*EXERCISE REQUIREMENTS*
Using the records below, write out only the lines from the line containing "Baby Knitted Soft" up to and including the line containing "SUL181h Minuterie mécanique, minuterie", exactly, with no pictures.

*THE DATA*
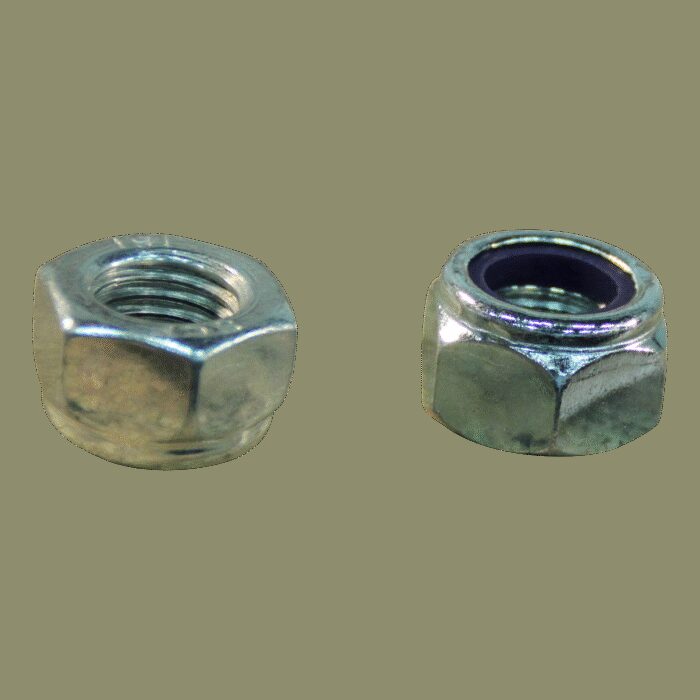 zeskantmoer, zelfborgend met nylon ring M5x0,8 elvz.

...

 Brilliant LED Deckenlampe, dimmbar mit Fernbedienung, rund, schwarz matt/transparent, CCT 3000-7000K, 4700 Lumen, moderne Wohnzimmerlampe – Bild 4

==

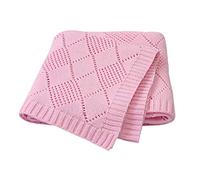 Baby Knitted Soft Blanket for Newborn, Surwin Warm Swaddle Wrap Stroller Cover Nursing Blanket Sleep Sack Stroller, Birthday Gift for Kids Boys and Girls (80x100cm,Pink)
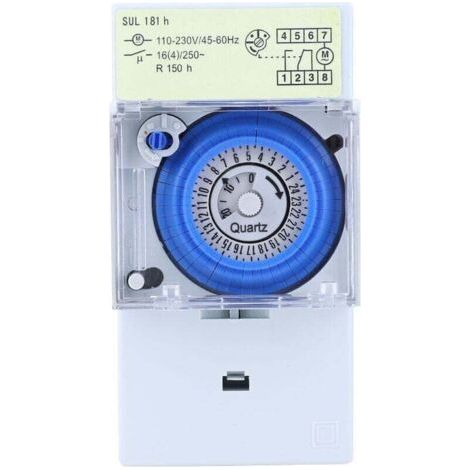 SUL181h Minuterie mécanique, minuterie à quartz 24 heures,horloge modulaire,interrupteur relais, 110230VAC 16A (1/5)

*ANSWER TO THE PROBLEM*
 Baby Knitted Soft Blanket for Newborn, Surwin Warm Swaddle Wrap Stroller Cover Nursing Blanket Sleep Sack Stroller, Birthday Gift for Kids Boys and Girls (80x100cm,Pink)
 SUL181h Minuterie mécanique, minuterie à quartz 24 heures,horloge modulaire,interrupteur relais, 110230VAC 16A (1/5)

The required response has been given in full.